Grep PDF | pdf-mcp Documentation

Search for text patterns within PDF documents. This endpoint works like grep but for PDFs - it searches text content per-page and returns matching text with page numbers, character positions, and surrounding context. Ideal for coding agents and automated document analysis.

Endpoint

POST /grepPdf

Authentication

Requires a valid API key or OAuth token in the Authorization header:

Authorization: Bearer YOUR_API_KEY

See Authentication for details.

Request Body

Content-Type: application/json or multipart/form-data

Field	Type	Required	Description
`pdf_base64`	string	Conditional	Base64-encoded PDF file
`pdf_url`	string	Conditional	URL to fetch the PDF from
`file`	file	Conditional	PDF file upload (multipart only)
`pattern`	string	Yes	Search pattern (plain text or regex)
`regex`	boolean	No	Treat pattern as regex (default: false)
`ignore_case`	boolean	No	Case-insensitive search (default: true)
`pages`	array/string	No	Page numbers to search (1-indexed)
`context`	integer	No	Characters of context around each match (default: 100, max: 500)
`count_only`	boolean	No	Only return match counts, not text context (default: false)

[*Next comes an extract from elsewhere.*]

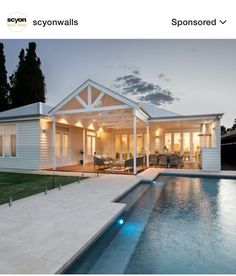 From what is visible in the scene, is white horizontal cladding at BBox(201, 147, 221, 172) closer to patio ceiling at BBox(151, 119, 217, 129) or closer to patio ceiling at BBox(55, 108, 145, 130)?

Note: You must provide exactly one of: pdf_base64, pdf_url, or file.

Field Details

pdf_base64 (conditional)

A base64-encoded PDF file. Use this when you have the PDF data in memory or need to send it as part of a JSON payload. The encoded string should not include the data URI prefix.

pdf_url (conditional)

A publicly accessible URL where the PDF can be fetched. The server will download the PDF from this URL before processing. Supports redirects.

file (conditional, multipart only)

Direct file upload via multipart form data. This is the simplest option when you have the PDF file available locally.

pattern (required)

The search pattern to look for. By default, this is treated as a literal string. Set regex: true to use regular expression syntax.

regex (optional)

When true, the pattern is interpreted as a regular expression. When false (default), the pattern is treated as a literal string and special characters are escaped automatically.

ignore_case (optional)

When true (default), matching is case-insensitive. Set to false for case-sensitive searches.

pages (optional)

Specify which pages to search:

JSON format: Array of integers [1, 2, 5]
Multipart format: Comma-separated string "1,2,5"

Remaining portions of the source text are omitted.